Dès le lendemain du drame, conseillées par de jeunes amis des victimes et des journalistes présents sur place, les trois familles nous ont choisis pour avocats. Nous sommes deux associés d'un cabinet parisien situé près de la place Vendôme. Nous n'en sommes pas particulièrement fiers. Hormis le nom de la rue, qui porte celui de la paix.
Socialement, nous vivons dans un autre monde que celui des trois familles de Clichy, et pourtant nous sommes leurs défenseurs. Cette situation peut paraître problématique car nous sommes loin, notre défense est coûteuse et ils n'ont pas beaucoup d'argent. Mais notre métier, c'est avant tout de défendre, des coupables aussi bien que des innocents, des délinquants aussi bien que des victimes.
Il nous arrive aussi de défendre des victimes dont on a voulu faire des délinquants. Ou encore des innocents dont on a voulu faire des coupables. Ici, nous défendons des victimes auxquelles il a fallu de longs jours pour être enfin reconnues comme telles par la justice.
Depuis le 28 octobre 2005, nous avons donc l'honneur de défendre les intérêts des familles Benna, Traoré et Altun. Une information judiciaire a été ouverte, une semaine après le drame, par le procureur de la République de Bobigny, en Seine-Saint-Denis, pour « non-assistance à personnes en danger ». Pour y arriver, il a fallu que nous déposions une plainte avec constitution de partie civile le mercredi 2 novembre 2005.

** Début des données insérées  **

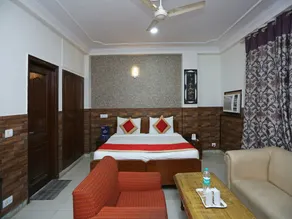 Sareen Villa Hotel - Image 2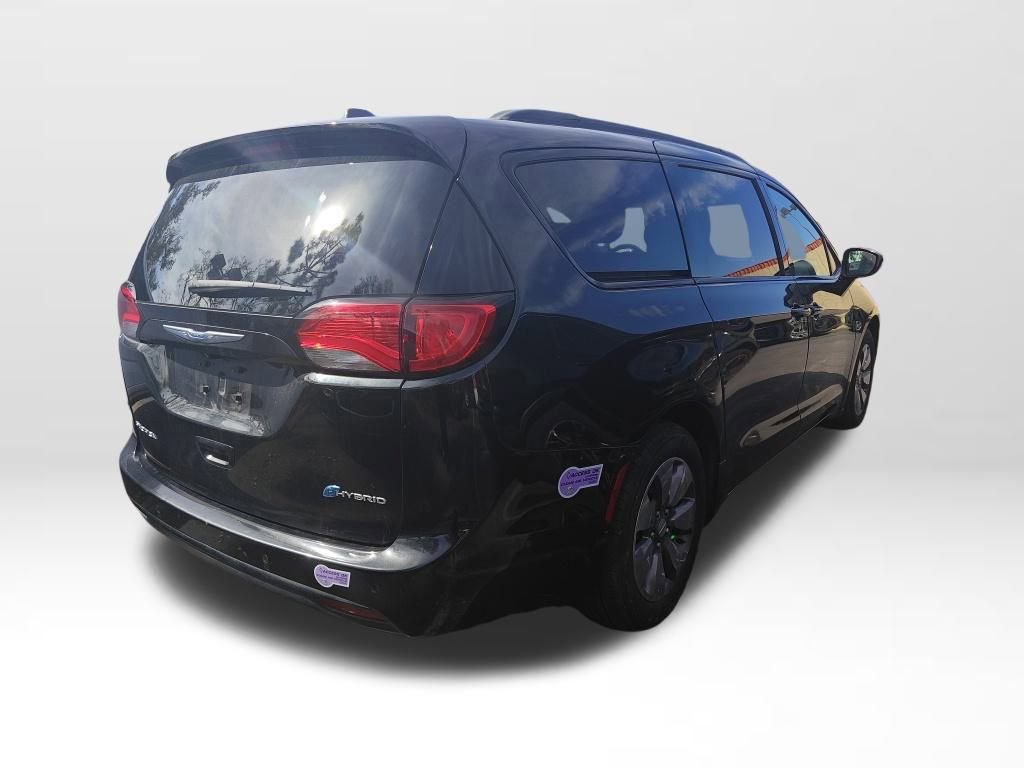 Used 2018 Chrysler Pacifica Limited w/ Advanced Safetytec Group image 3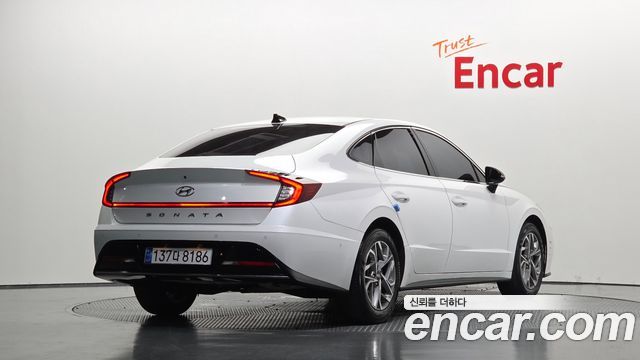 Hyundai Sonata 2.0 Premium Plus — пробег 45 153 км — фото 2 из 5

Or, cette affaire qui nous tient à cœur a quelque peu changé nos vies. Elles ont été bousculées dans leur confort, ébranlées dans leurs certitudes, dérangées dans leurs habitudes. Comme si ce hasard du destin nous avait tous les deux sortis d'une trop longue torpeur face à ce qui se jouait depuis longtemps, à dix ou quinze kilomètres de nos domiciles respectifs.
C'est cette perception professionnelle, intellectuelle et sensible de ce drame que nous voulons faire partager aux lecteurs.

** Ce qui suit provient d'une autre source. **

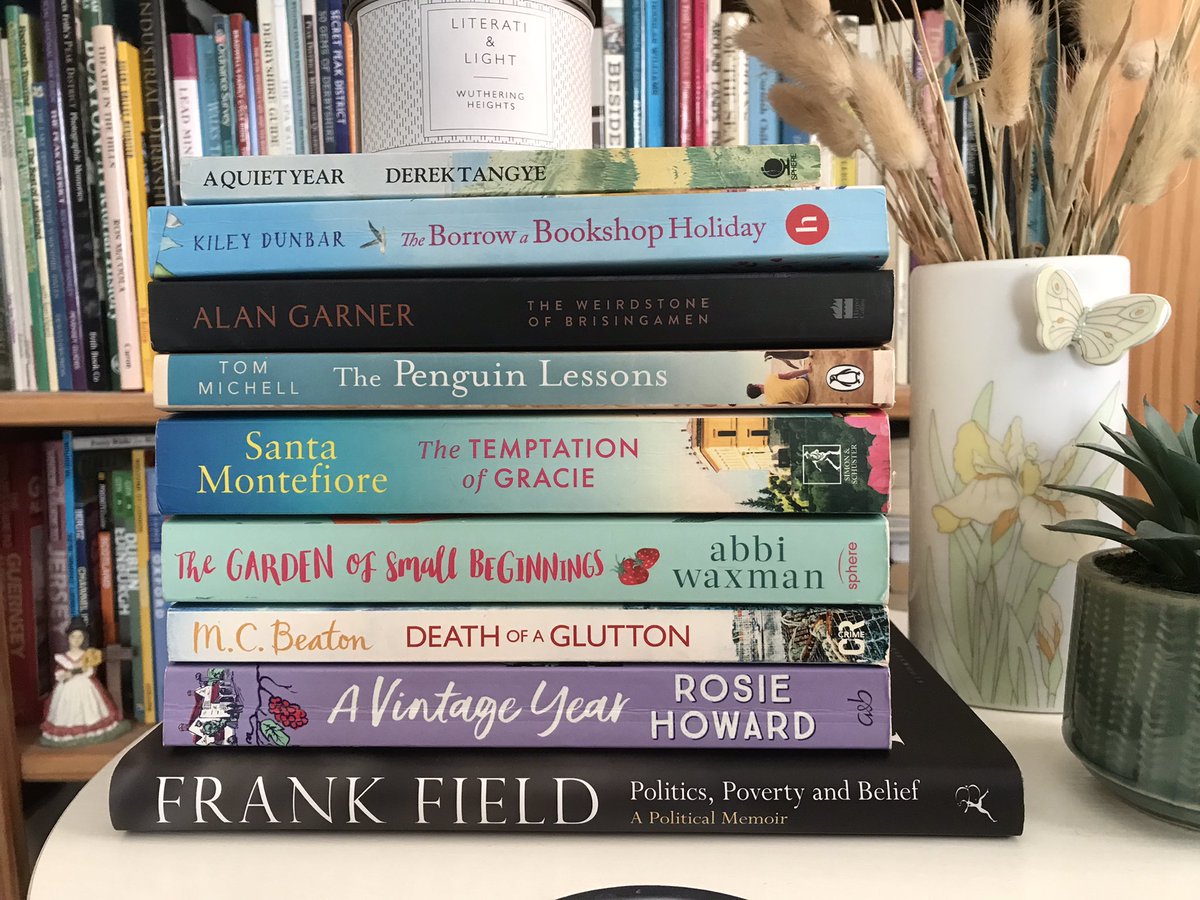 My #AprilWrapUp 📚 A good variety here, from political memoir to animals and cosy feel-good romance 😊 Top pick this month is The Penguin Lessons 🐧 but I enjoyed them all! #AprilReads #BookTwitter #BookX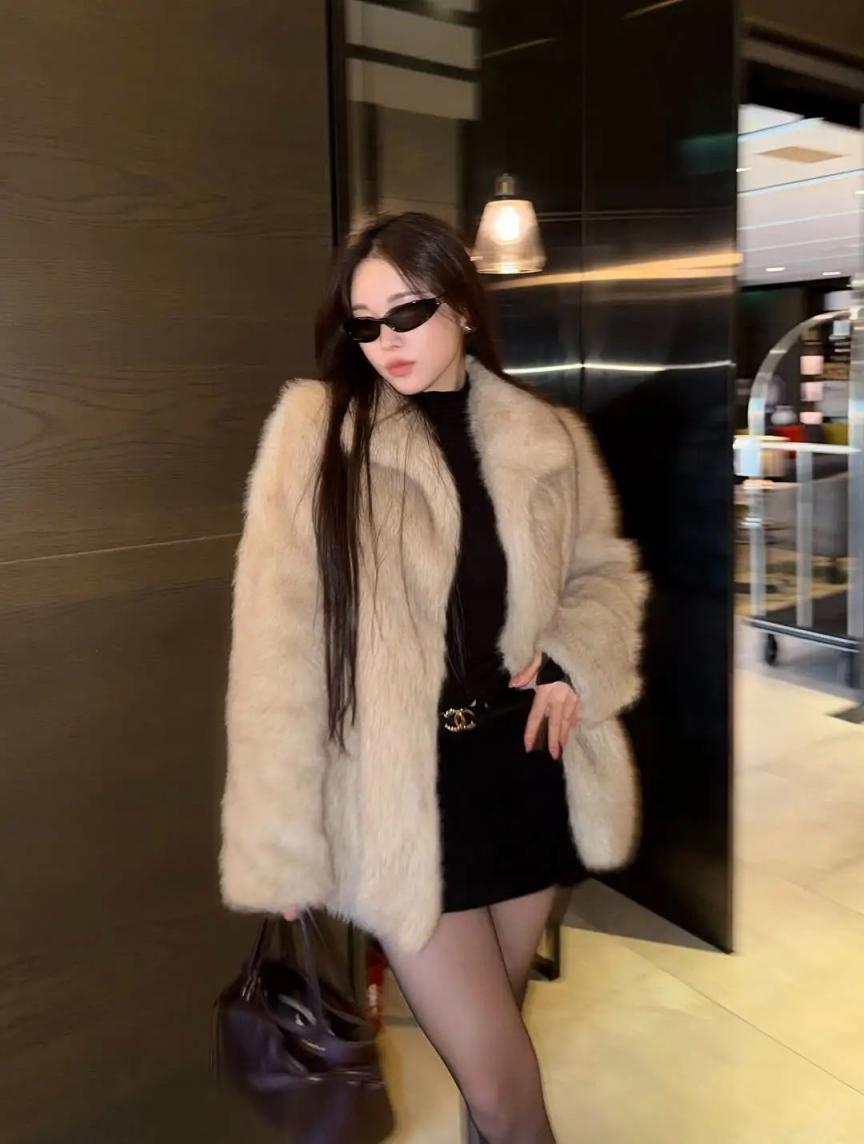 纤腰美腿，谁看了不迷糊[53P]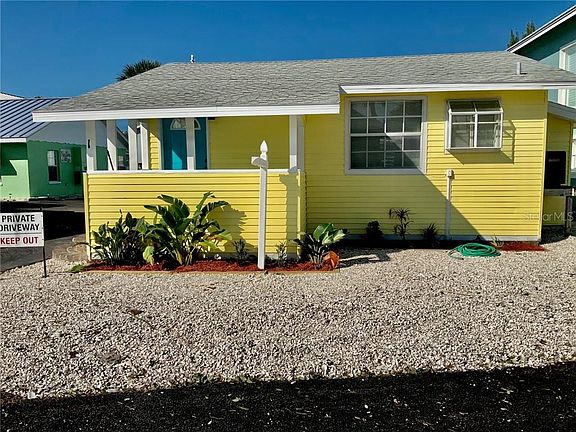 5th image of 19718 Gulf Blvd Unit 1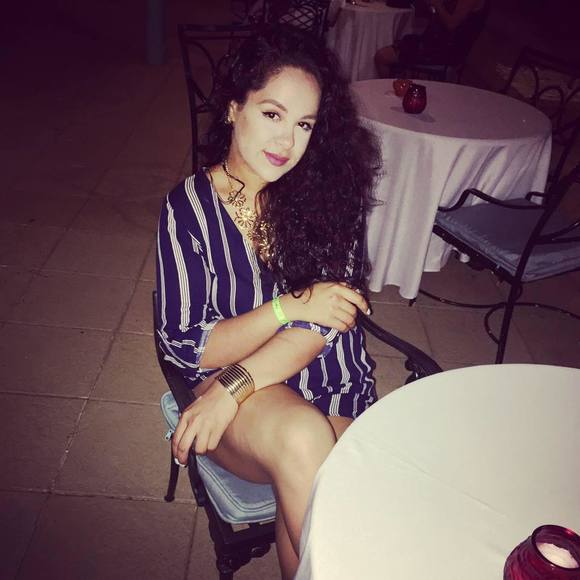 Meet your Posher, Mariela - Picture 1 of 1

Pour des avocats, ce n'est pas une démarche habituelle. L'instruction du dossier commence à peine. Quelle est l'urgence ?

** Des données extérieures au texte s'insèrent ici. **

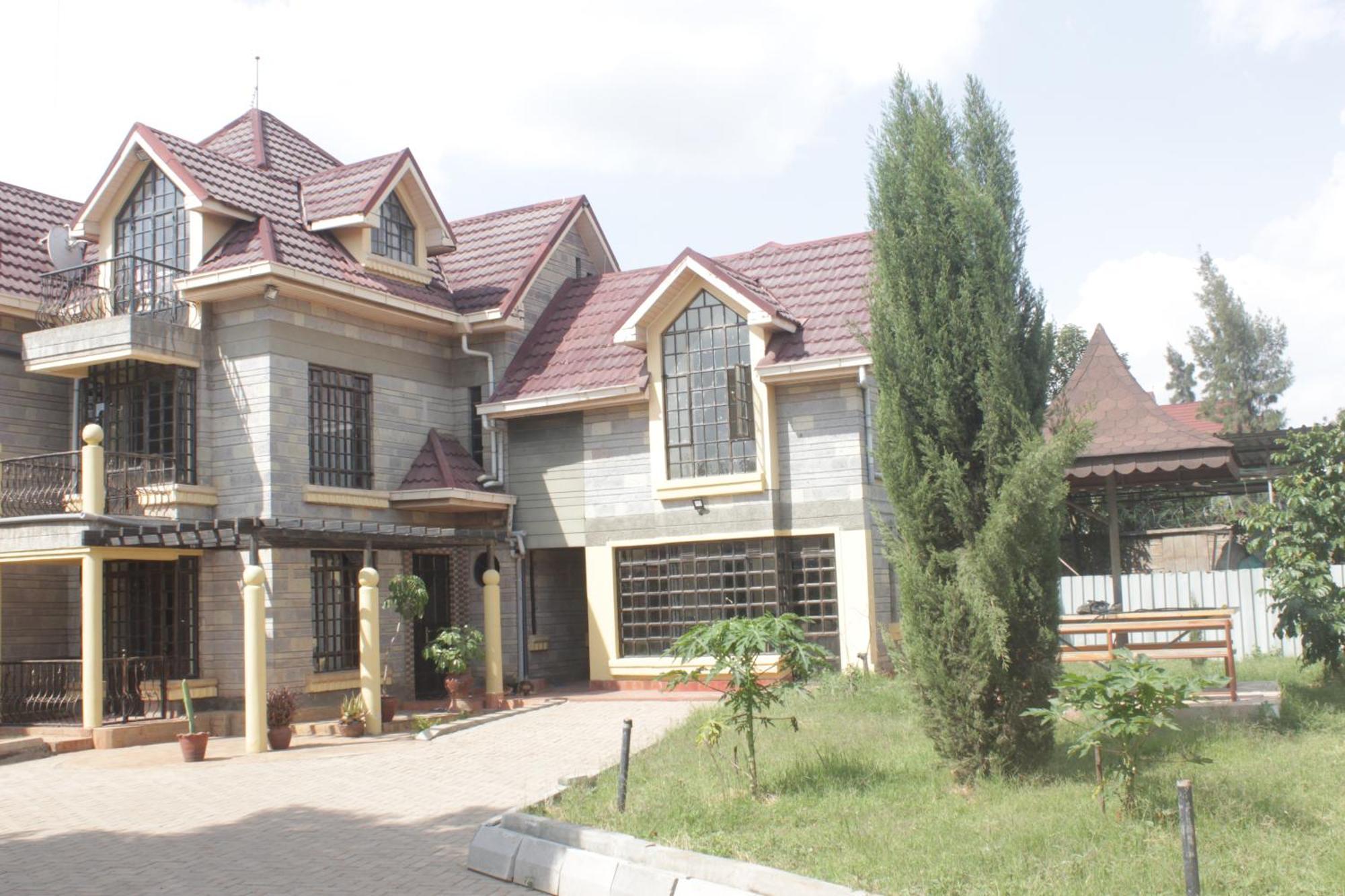 Eshborns House - Near Jkia Bed & Breakfast Syokimau Exterior photo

À travers cette affaire, nous avons découvert une des réalités les plus prégnantes de notre nation. Un bout de France. Cette France que d'autres affolent parce qu'ils l'ignorent et la craignent. Il est rare d'apprendre autant en si peu de temps sur ses territoires et ses élus, ses enfants et ses élites, sa justice et sa police, ses institutions et ses politiques. Cela nous le devons à nos clients qui, dans leur grande dignité face à la perte soudaine de deux êtres chers, nous ont donné une immense leçon d'humanité. Tout comme nous devons témoigner de l'estime due au maire de Clichy-sous-Bois, Claude Dilain, ainsi qu'aux élus qui, dans les premiers jours de tensions, ont eu la hauteur nécessaire et dit les mots attendus. Claude Dilain ne fut-il pas le premier à demander une enquête neutre et indépendante ? C'est grâce à ces élus, souvent des maires, que l'émeute n'a pas versé dans le sang. Le ressaisissement du commandement de la police nationale y a aidé aussi, preuve insigne que lorsqu'elle veut, elle peut.